If you have been cleared for a contact approach, I realize that you may deviate from the instrument approach procedure and dead reckon a track to the destination.
Let's assume that you have been cleared for such an approach. If you become disoriented and decide that you now want to follow the approach procedure again, do you now need to get a new clearance to do so (assume you now want to do a full approach procedure).
Or, does a clearance for a contact approach allow you to shoot the actual procedure, dead reckon a straight-in landing, circle-to-land, or join the circuit as you would if it were VFR (i.e. is it a blanket clearance, allowing you to choose any of the above means of landing?) I'd imagine that if you are being cleared for a contact approach, ATC is expecting you to fly the approach and landing like a circuit at circling minima or at circuit altitude.

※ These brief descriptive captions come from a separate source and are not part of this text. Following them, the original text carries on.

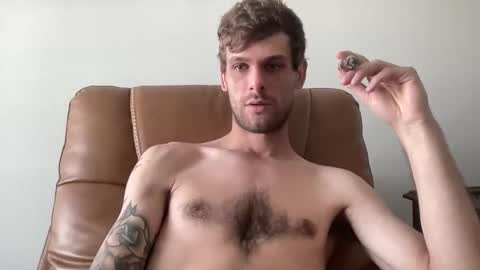 Snapshot of vegassangel chatting on 04/09/26, 08:36 Joeyyy online show from 04/09/26, 08:36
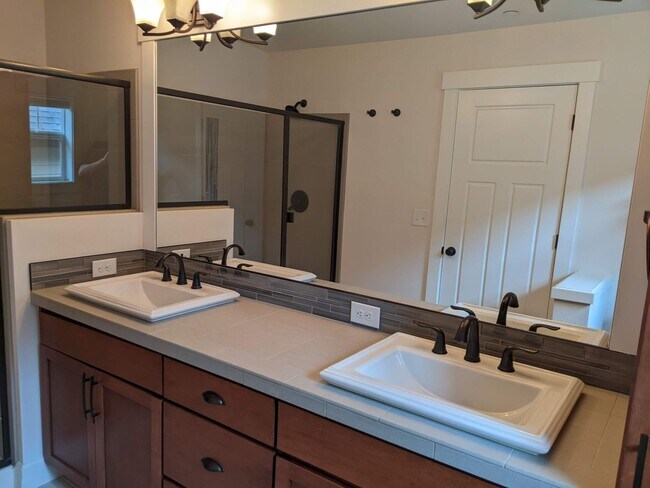 Building Photo - Brownstone at Issaquah Highlands for Rent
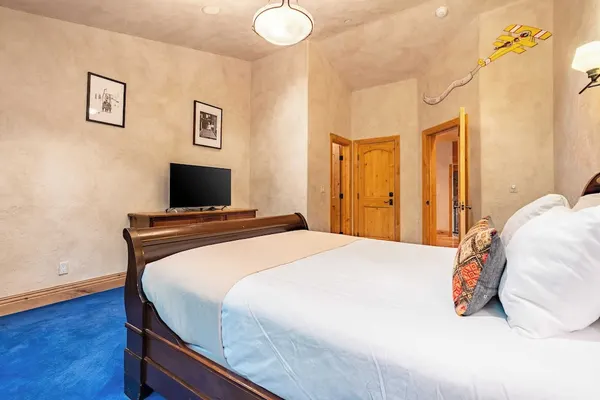 Photo 1 - Cherry Ridge by Avantstay Incredible Mountain Mansion w/ Game Room, Hot Tub & Views!!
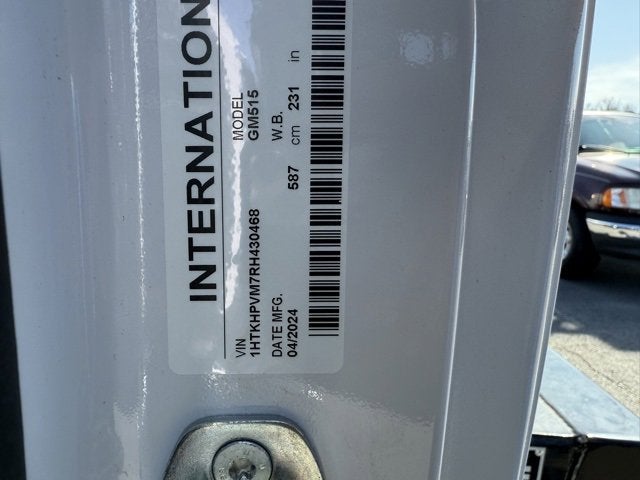 2024 Chevrolet Silverado 6500 HD Work Truck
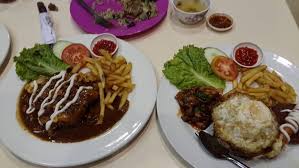 Saute sliced shallots and garlic with a little bit of oil until light brown fragrant. Bicara Bermula Sodap Nasi Goreng Usa N Chicken Chop For That Im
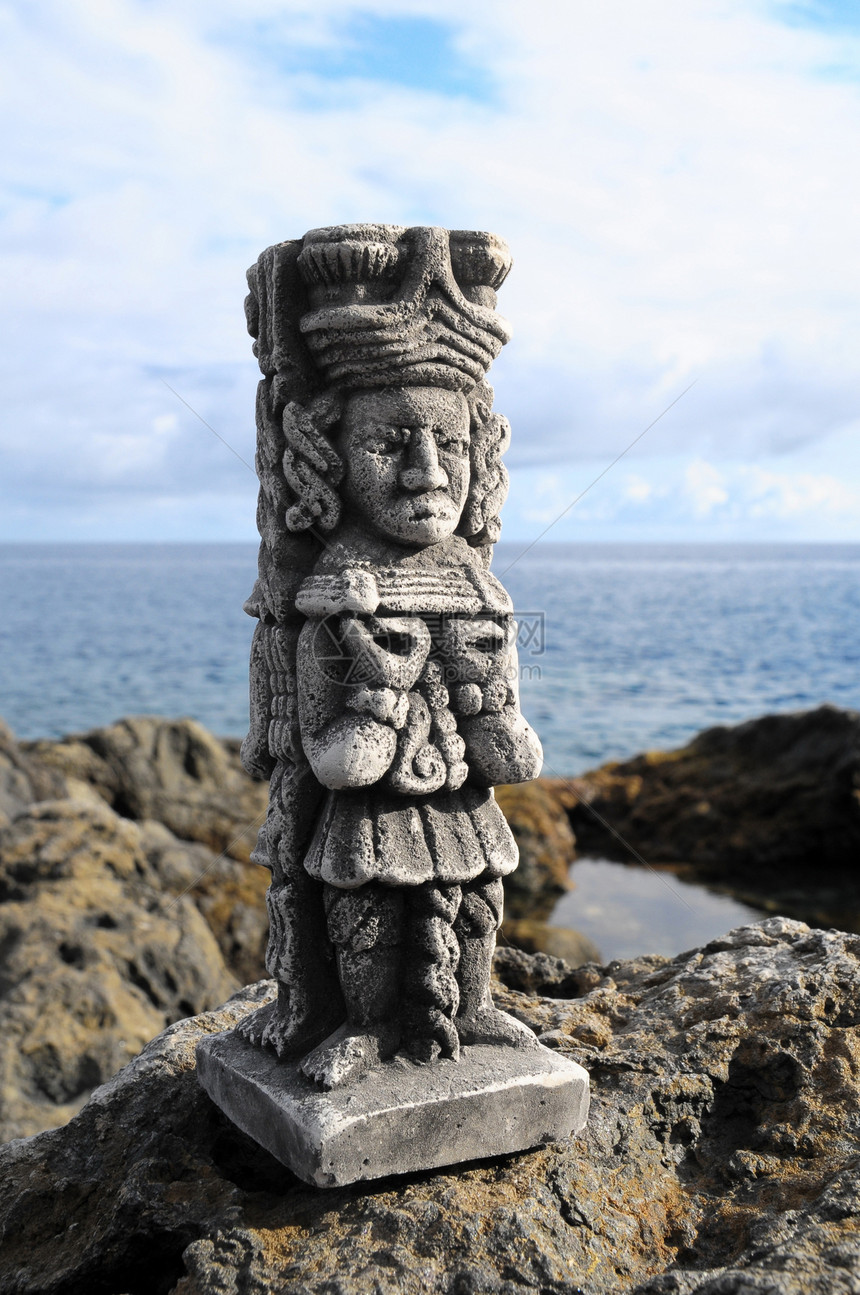玛雅雕像宗教艺术历史性奇琴偶像上帝考古学历史考古数字图片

Thanks in advance for all comments,
So, if you have been cleared for a contact approach and can no longer maintain visual ref or don't think you will find the airport, you should advise ATC and request another clearence. ATC will not expect you to do the full procedure on your own without a clearence. Oddly enough however the only form of IFR separation that ATC could normally apply to a contact is vertical because they have no idea what lateral area you might need to complete it. They would be surprised if you went 10 miles past the airport and then back again.
For the contact you have to have;
a) the weather limits
b) the pilot has to be able to navigate from where he is to the airport visually
For the visual the pilot has to;
a) have the airport in sight
b) have any IFR traffic that he is to follow in sight
I have seen multiple aircraft on the visual approach at once, tho usually not more than two, I've only ever seen one aircraft on the contact at a time, but we have radar right to the ground so we have lots of other options.

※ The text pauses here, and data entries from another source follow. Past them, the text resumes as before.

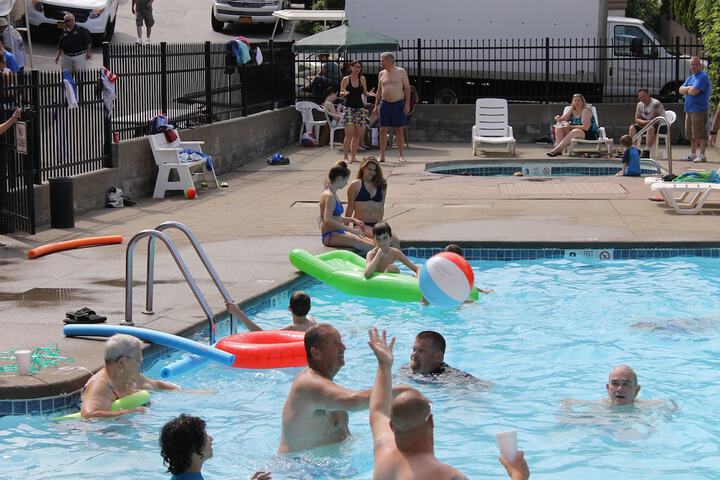 Pool 8 of 73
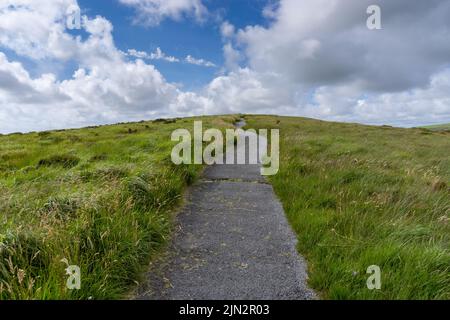 Landschaftsansicht des Wanderweges, der durch die Wiesen und Hügel des Ballycroy-Nationalparks in der Grafschaft Mayo führt Stockfoto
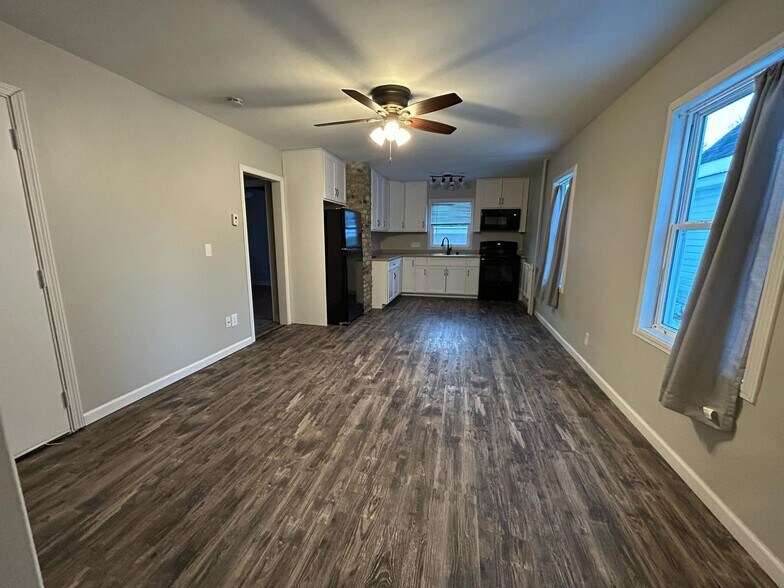 215 S 5th St, Montevideo, MN à vendre - Photo de l’immeuble – Image 1 sur 1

If I was flying (I'm not a pilot) and could no longer continue on the approach I was cleared for, like the contact or the visual, I'd be sure I told somebody about it.
One thing though, if you had to do a miss due to an aircraft problem, what type of missed approach would you do?
Straight from ATC manops:FREEFALL wrote:The contact approach is an approval by ATC. Not a clearance. .
You may clear an aircraft for a contact approach provided:
A. the aircraft requests it;and
B. there is an approved functioning instrument approach for the airport.
Issue alternative or missed approach instructions if weather conditions are such that completion of a contact approach is in doubt.
Maintain an IFR separation minimum between an aircraft cleared for a contact approach and other IFR and CVFR aircraft.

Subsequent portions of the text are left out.